George wasn’t going anywhere. He was born here and he’d die here. He wasn’t really much for socializing anyway so it mattered none to him that Lawerence and June were packing up to move to Gallup.
They weren’t the first to head out after things started falling apart. In fact, they were the last. Well, except for George. George was now the last man left in town.
It was a little funny how the tourists started coming sometime after. At first they were stopping to see if the gas station was still open. It wasn’t.
Then they were stopping overnight on the side of the road, figuring no one would mind. He didn’t.
But then they started to wander. And George didn’t really know how he felt about that. It was his town now. And he considered himself the protector.

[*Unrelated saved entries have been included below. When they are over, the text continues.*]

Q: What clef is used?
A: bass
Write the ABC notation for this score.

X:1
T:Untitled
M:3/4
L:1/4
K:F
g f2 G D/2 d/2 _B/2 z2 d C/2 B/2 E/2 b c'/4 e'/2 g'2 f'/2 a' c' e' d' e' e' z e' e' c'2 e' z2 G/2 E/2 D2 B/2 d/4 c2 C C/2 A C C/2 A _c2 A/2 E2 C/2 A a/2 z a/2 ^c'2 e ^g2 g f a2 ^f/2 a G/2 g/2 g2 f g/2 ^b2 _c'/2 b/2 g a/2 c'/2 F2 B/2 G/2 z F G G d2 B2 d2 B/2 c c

So George started thinking up some sort of plan. How would he get people to go away and leave him alone?
He had found some old VHS tapes left in the convenience store and started watching them. One of them was pretty creepy. It was about a town with a family of freaks that were the only inhabitants.

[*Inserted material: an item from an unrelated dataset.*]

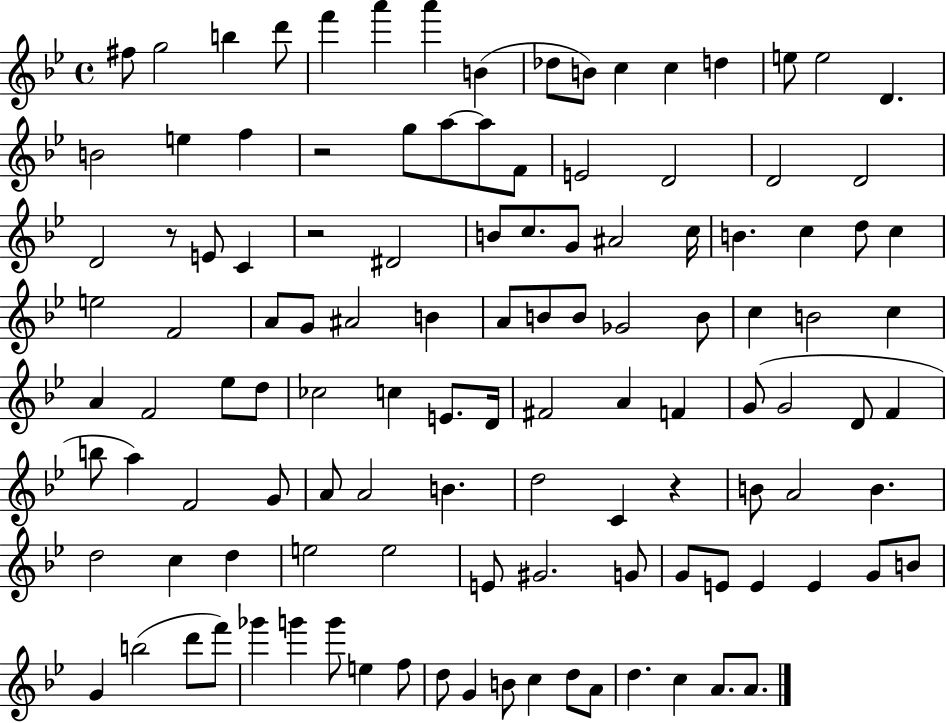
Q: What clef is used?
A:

And that’s when George formulated his plan.
There were a few buildings the tourists always flocked to and the Baptist church was one of them. So he set everything up. He planted the evidence to suggest there was something strange going on here. He planted all kinds of “evidence” and left it alone. After all, he really just wanted to scare people from coming around any more.

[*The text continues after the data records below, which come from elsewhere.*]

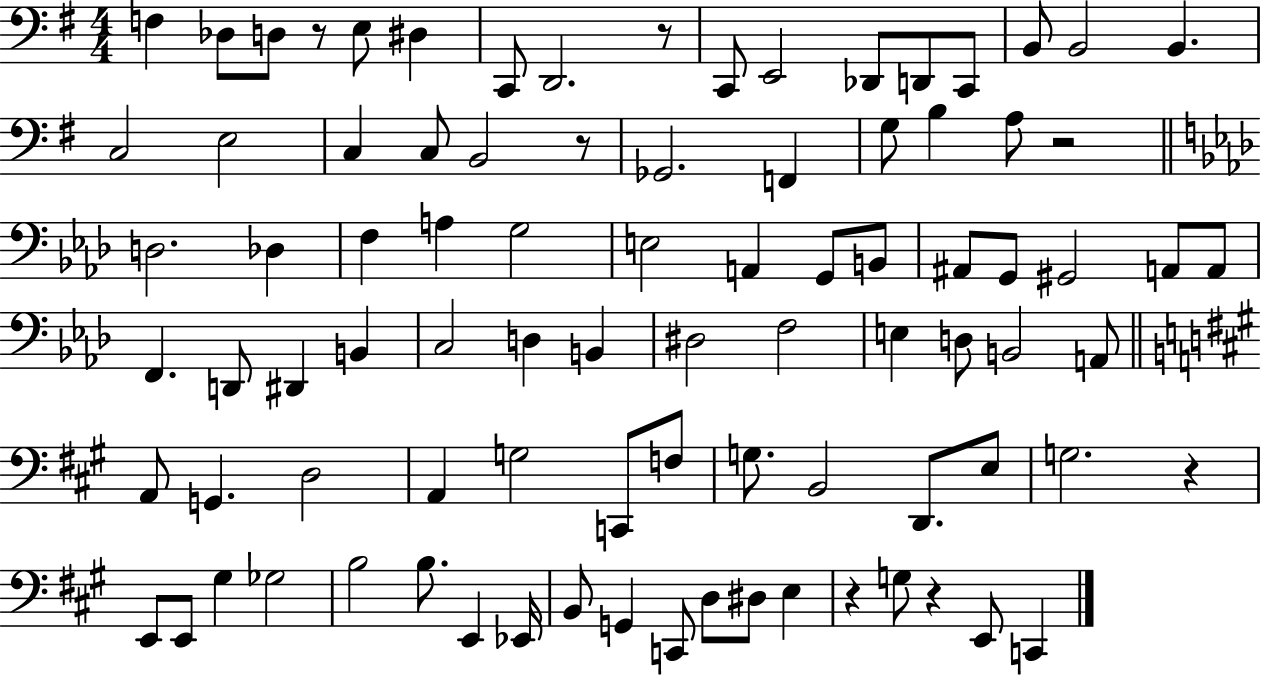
F3/q Db3/e D3/e R/e E3/e D#3/q C2/e D2/h. R/e C2/e E2/h Db2/e D2/e C2/e B2/e B2/h B2/q. C3/h E3/h C3/q C3/e B2/h R/e Gb2/h. F2/q G3/e B3/q A3/e R/h D3/h. Db3/q F3/q A3/q G3/h E3/h A2/q G2/e B2/e A#2/e G2/e G#2/h A2/e A2/e F2/q. D2/e D#2/q B2/q C3/h D3/q B2/q D#3/h F3/h E3/q D3/e B2/h A2/e A2/e G2/q. D3/h A2/q G3/h C2/e F3/e G3/e. B2/h D2/e. E3/e G3/h. R/q E2/e E2/e G#3/q Gb3/h B3/h B3/e. E2/q Eb2/s B2/e G2/q C2/e D3/e D#3/e E3/q R/q G3/e R/q E2/e C2/q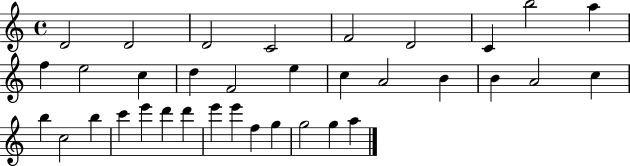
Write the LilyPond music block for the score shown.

{
  \clef treble
  \time 4/4
  \defaultTimeSignature
  \key c \major
  d'2 d'2 | d'2 c'2 | f'2 d'2 | c'4 b''2 a''4 | \break f''4 e''2 c''4 | d''4 f'2 e''4 | c''4 a'2 b'4 | b'4 a'2 c''4 | \break b''4 c''2 b''4 | c'''4 e'''4 d'''4 d'''4 | e'''4 e'''4 f''4 g''4 | g''2 g''4 a''4 | \break \bar "|."
}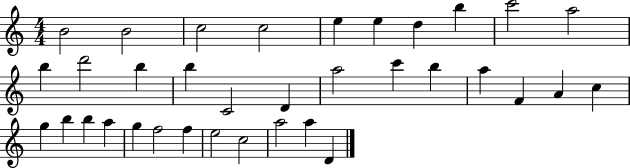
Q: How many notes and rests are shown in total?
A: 35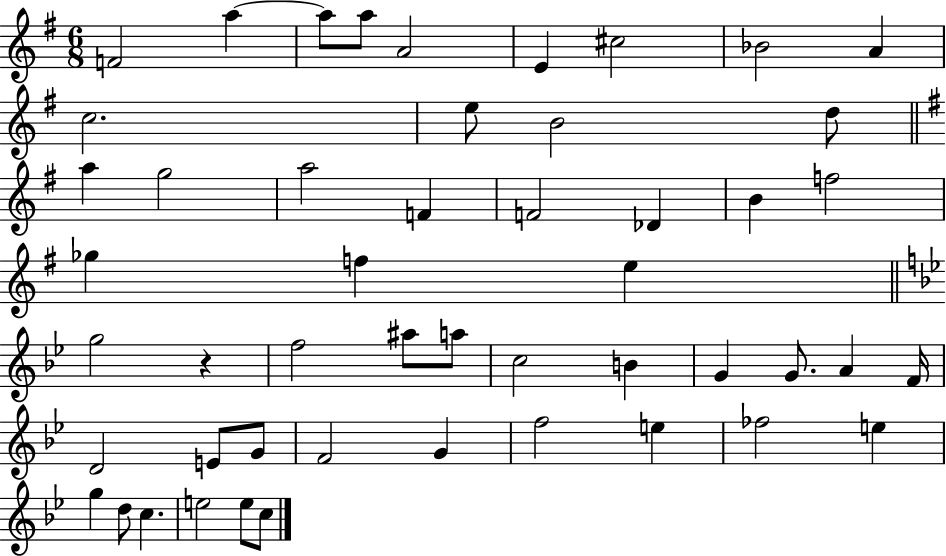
F4/h A5/q A5/e A5/e A4/h E4/q C#5/h Bb4/h A4/q C5/h. E5/e B4/h D5/e A5/q G5/h A5/h F4/q F4/h Db4/q B4/q F5/h Gb5/q F5/q E5/q G5/h R/q F5/h A#5/e A5/e C5/h B4/q G4/q G4/e. A4/q F4/s D4/h E4/e G4/e F4/h G4/q F5/h E5/q FES5/h E5/q G5/q D5/e C5/q. E5/h E5/e C5/e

But it didn’t work out. In fact, George’s plan backfired. People got word of the mysterious findings and started flocking to the town.
Ghost hunters showed up with ghost detecting equipment.
News crews showed up to do stories.
And the state police came.
George took all the stuff down in the middle of the night and threw it out.
But, two days later, as George was on his usual patrol of the town, he found it all put back up, in almost the same way, in a new building on the other end of town.
Now George was the one who was scared.
It’s a ghost town…
The location has been a waypoint since the 1500’s, but it wasn’t until the first trains came through in 1902 that Cuervo, NM became a “town”. Like much of the technology we experience today, the first “boom” was short-lived and the train companies chose different locations for their cross-country routes in 1910. Without train revenue, the town continued to struggle.
In 1926, a new cross-country road came through town. It was called Route 66. But, while many towns embraced the new tourism, Cuervo failed to adapt and was little more than a gas station along the route.
The new interstate arrived in the late ’60s, delivering a crushing blow to the small town. It’s easy to say it never recovered, but did it ever truly thrive?
Today the town remains with many dwellings still standing. Almost all of them, including the two churches, are abandoned. There has been some evidence of real life horror stories happening in Cuervo. I’ll let you do the research on those. Just know the content you may find is not PG 13.